Может быть, потому, что он неожиданно сказал ей. «ты», она покраснела, застеснялась.
Антон Кузьмич встал с кресла, посчитал пульс. И, видно, остался доволен. А Зося, как бы стремясь доказать, что ей это не трудно, начала рассказывать дальше, не обращая внимания на то, что Маша ходит, звенит стаканами.
— Я думала, что мне будет все равно, как похоронят отца, кто похоронит, что будут говорить… Я знала, что это не конец. И готовилась, собирала все силы. Но когда отца несли на кладбище, я увидела, как смотрят люди… рабочие. «Туда ему и дорога!» — вот как они смотрели. Мне стало больно. Очень больно. И обидно. И страх меня охватил. Сердцем я предчувствовала то, что потом
Три дня лежала у Тищенков, обессиленная, простуженная, разбитая. Те двое, мои «опекуны», не выходили из квартиры. Они, Тищенки, вся свора добивались, чтоб я подписала письмо в редакцию, где гневно заклеймила бы как бандитов партизан, которые убили моего отца, невинного человека, занимавшегося только спасением людей от тяжелых болезней. «Почему вы не хотите подписать, панна Зося?» — удивлялись они.
«Партизаны убьют меня».
«Мы вас спрячем в таком месте, куда не доберется Ни один бандит. Не бойтесь».
А жена Тищенки шептала: «Не подписывай. Убьют», — и все уговаривала бежать вместе с ней в монастырь. Глупая, она не видела, как меня стерегут.

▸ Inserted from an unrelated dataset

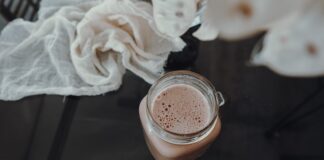 Порошок колагену замінює тягу до шоколаду, згідно з відгуками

Они перевели меня в их немецкий отель. Поместили вместе с какой-то немкой. Пр-русски она говорила плохо, но «обрабатывала» меня основательно, Даже слушала ночью, не скажу ли чего во сне? Потом меня отпустили домой. Они были еще вежливые: «Не будете бояться одна?»
«Не буду».
Надеялись, что ко мне кто-нибудь придет. Может быть, попытаются вывезти в лес. Немалая у них была забота — стеречь меня. Но никто не приходил, и скоро им это надоело. Те же два «опекуна» отвезли меня в гестапо. Допрашивали несколько дней об одном и том же: кто приходил к отцу, с кем он встречался, как жил и так далее. Назавтра то же самое, в другом порядке, чтоб запутать. Потом очные ставки. Кого я узнаю из этих людей? Приводили человек пятнадцать. Я узнала только одну женщину, сестру из детской больницы, но она посмотрела на меня очень враждебно, и я не призналась, что знаю ее. Когда привели Васю, я не могла отрицать наше знакомство. Сказала, что это шофер больничной машины. Вася, избитый, весь синий, приветливо кивнул головой: одобрил мое признание.
«Он часто приезжал к вам?» — спросил следователь.
«Не очень часто», — ответила я.
«Почему в тот день, перед убийством, он приезжал три раза?»
«Привозил отца. Потом картошку. Мешок муки».
«А еще кого?»
«Три мешка партизан», — засмеялся Вася.
Гестаповец ударил его по лицу. Я заплакала. Вася крикнул:
«Ничего, девушка! Не горюй! Мы еще потанцуем на твоей свадьбе!»
Я начала протестовать. Почему меня держат в гестапо? За что? Это бесчеловечно! Такое горе, а меня допрашивают, как преступницу. Я буду жаловаться!
Тогда появился тот офицер, которого я заметила на похоронах.
«Она не знает, почему ее здесь держат? Бедная девочка! — саркастически бросил он по-немецки. Сел за стол, положил перед собой пистолет. Злобно сказал через переводчика: — Хватит этой дурацкой комедии. Ты отлично знаешь, почему тебя держат. Твой отец был связан с партизанами. Ты помогала ему. У вас скрывался комиссар. Мы поймали его. Он во всем сознался».